Нам важно помнить, что Домбровский был НЕ ИЗ ЭТОЙ ПОРОДЫ. К поколению — принадлежал, как и Шаламов; пафос радостного освоения и строительства разделял. Но в силу разных обстоятельств — семейных, психологических, профессиональных — он чувствовал себя в этом мире скорее чужаком, не вписывался в него, очень быстро был за это сослан, а уж в ссылке научился независимости и перестал себя соотносить с эпохой. Он видел, знал, даже любил героя этого времени. Но чувствовал себя альтернативой ему, невзирая на то, что как раз внешне очень напоминал героя-покорителя: сильный, рослый, страшно выносливый. Но между Домбровским и Семеновым — пропасть; он тоже чувствует в этом герое ничем не заполненные пустоты. И написать о таком герое можно только «роман в новеллах», со смещенной хронологией, как написан лермонтовский «Герой» — оставшийся в нашей классике блистательным, но единичным образцом. (Любопытно, что о своих героях счастливого будущего Стругацкие тоже написали роман в новеллах «Полдень, XXII век»: там тоже романтические ребята, покорители пространств и все такое, и тоже без стержня, с внутренней драмой, с печатью обреченности, что потом в этой утопической Вселенной и проявлялось все ярче по мере взросления авторов.) Ведь роман в новеллах, как к нему ни относись, — знак некоторой, что ли, капитуляции перед реальностью, своего рода прозаический пуантилизм: вместо линии — пунктир, вместо связного повествования — обрывки.
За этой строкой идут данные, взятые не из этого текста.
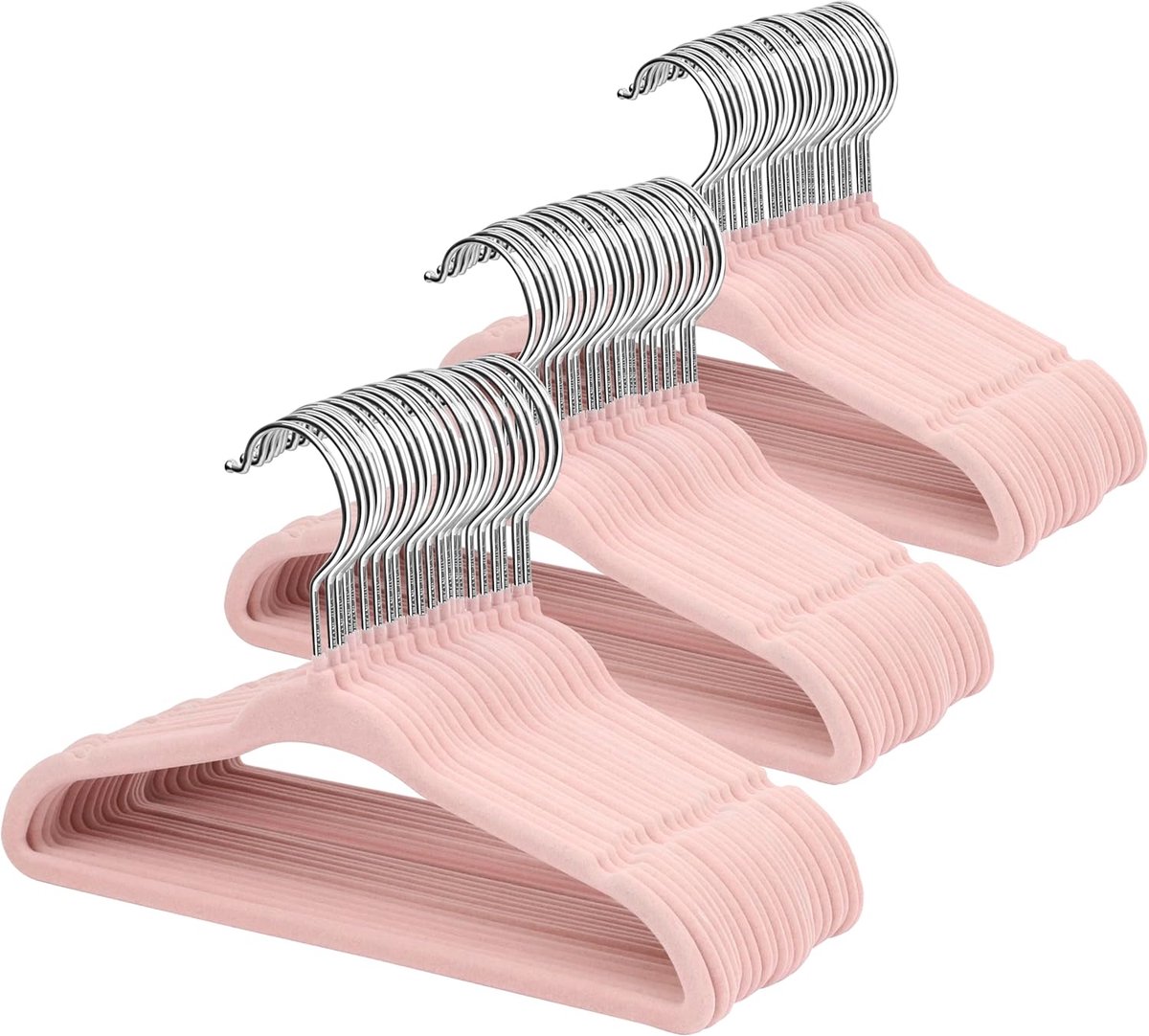 SnelShoppen - 66 Stuks 11" Velvet Baby Kleding Hangers - Antislip Kinderen Kleding Hangers met 360° Draaibare Haak - Ultra Dun Vilt Hanger voor Baby e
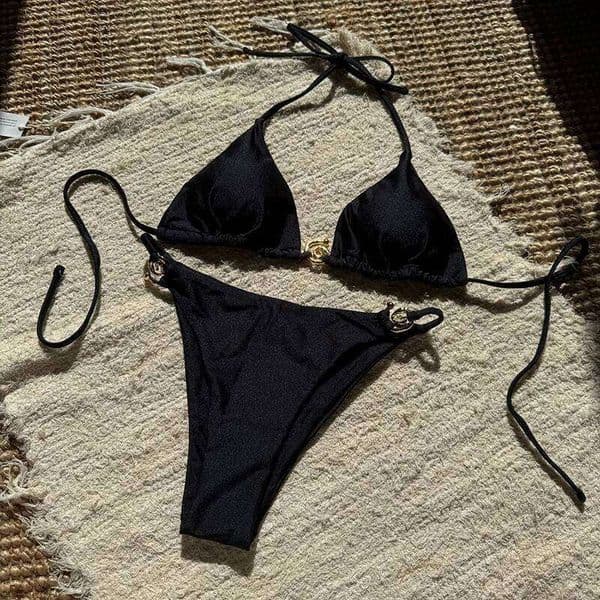 Vintage Metal Set Swimwear Women Sexy Triangle Halter High Cut Thong Bikini Push Up 2025 New Beach Bathing Suit 26Y0210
Это нормальный метод, и никому не придет в голову, скажем, объявлять главного французского пуантилиста Сера капитулянтом, декадентом и буржуазным разложенцем. Но сам по себе роман в рассказах говорит о крахе целостной картины мира, о необходимости нескольких точек зрения, о невозможности связного рассказа и единой логики: судьба или мир героя разбиты вдребезги неким событием, и по этим осколкам мы восстанавливаем и судьбу, и событие.
Жанр романа в рассказах идеально соответствует задаче Домбровского — изобразить мир после войны или, точней, после глобальной катастрофы, какой виделась ему вся история XX века. И уже в самом начале первой повести, в «Рождении мыши», главный герой в разговоре с другими военнопленными обсуждает пугающую перспективу: допустим, многим кажется, что мир после войны станет лучше, чище, вообще человечнее... А это не так. Гора всегда рождает мышь. Происходит то, о чем Лев Лосев — большой поклонник Домбровского — сказал в ироническом четверостишии:
Более того: есть шанс, что в этом новом мире вообще уже никогда не будет ничего великого. Потому что чем кончается великое — люди XX века убедились вполне. Убедились так, что могут больше не захотеть никаких великих проектов и социальных экспериментов, никаких иллюзий. Людям хочется жить, а не созидать, им хочется потакать себе, а не ломать себя: послевоенный мир может оказаться миром безнадежно измельчавших сущностей.
Ну уж нет, думает Николай. Моя-то идеальная любовь останется со мной.
Читатель в первый момент изумляется, с чего бы теолог со значимой фамилией Лафортюн — сама судьба — так набрасывается на Николая и пытается его убедить в худшем, в грязнейшем: да ничего не будет, не дождется вас ваша идеальная возлюбленная... Почему он это говорит? Потому ли, что после всеевропейской катастрофы ни во что не верит? Нет: потому, что в мире «рождаются мыши», о чем он и предупреждает. Мир мельчает. И это — важнейший результат войны, по-своему не менее важный, чем победа.